Nevertheless, researchers are confident that even with the limitations, they will be able to map the 3-o structure of many biological molecules whose structure have not been determined (Science Vol 282, No 2136).

Other popular methods of determining molecular structures include x-ray crystallography which gives accurate structural information for molecules that can be obtained in solid, crystalline form. The basic principle of the method is simple. Energetic x-rays are used to take 'snapshots' of a crystal. The atoms in the crystal scatter the X-rays, producing a pattern of dots on photographic film. The intensity and location of these dots give us information regarding the arrangement of the atoms in the molecule.

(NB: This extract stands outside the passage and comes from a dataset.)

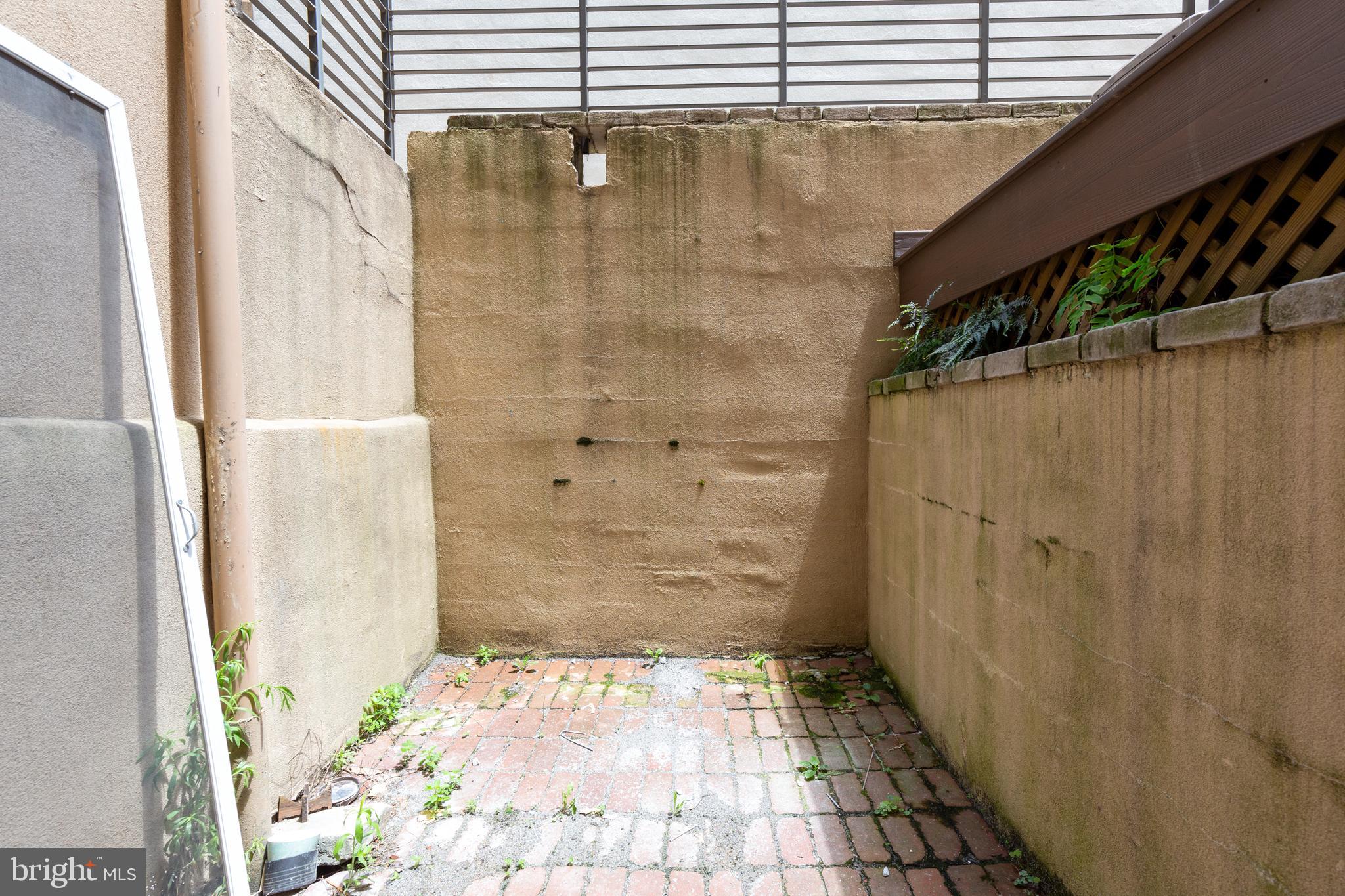 WASHINGTON SQ WEST - Residential Lease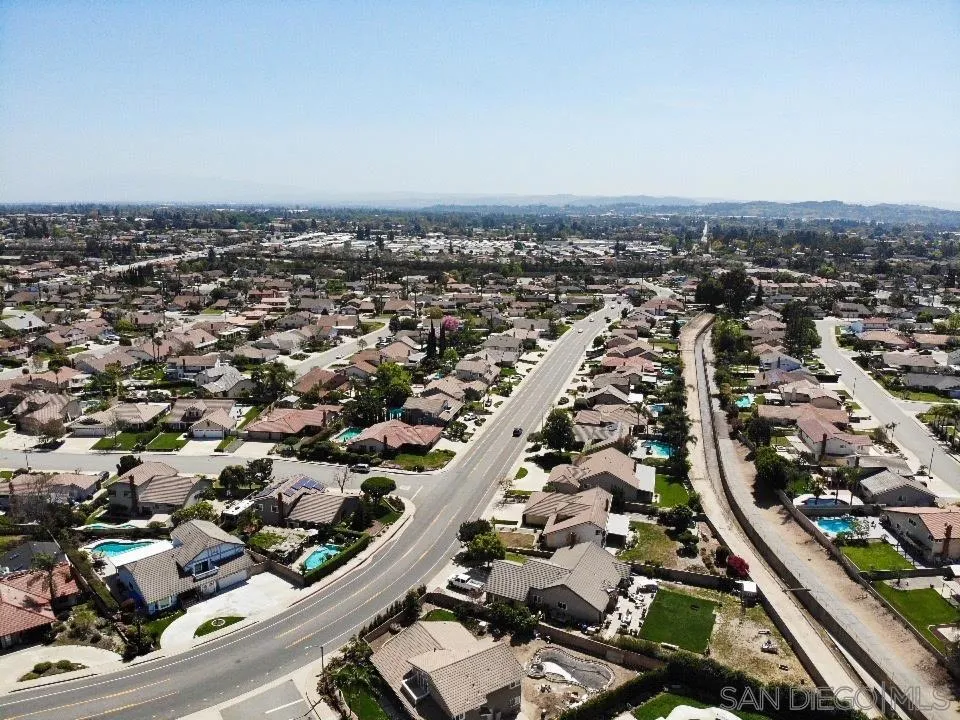 16 Esperanza Drive La Verne, CA 91750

Rebuilding the molecule form the obtained pattern, however, is a long and tedious process because the pattern lacks a very important ingredient: phase information. To the uninitiated, phase information is the relative positions of the crests and troughs of the x-rays. To get this information, heavy atoms are implanted into the crystal, changing the pattern of the dots. Then, using these atoms as reference points scientists can deduce the structure of the crystal. The only weakness of this method is that it is extremely time-consuming.

Another technique used to determine crystal structure is basically a computer-intensive process where different arrangements of atoms are tried and the results of an x-ray diffraction simulated on fast computers. Then the arrangement which matches the observed pattern is chosen as the one which is closest to the actual crystal structure.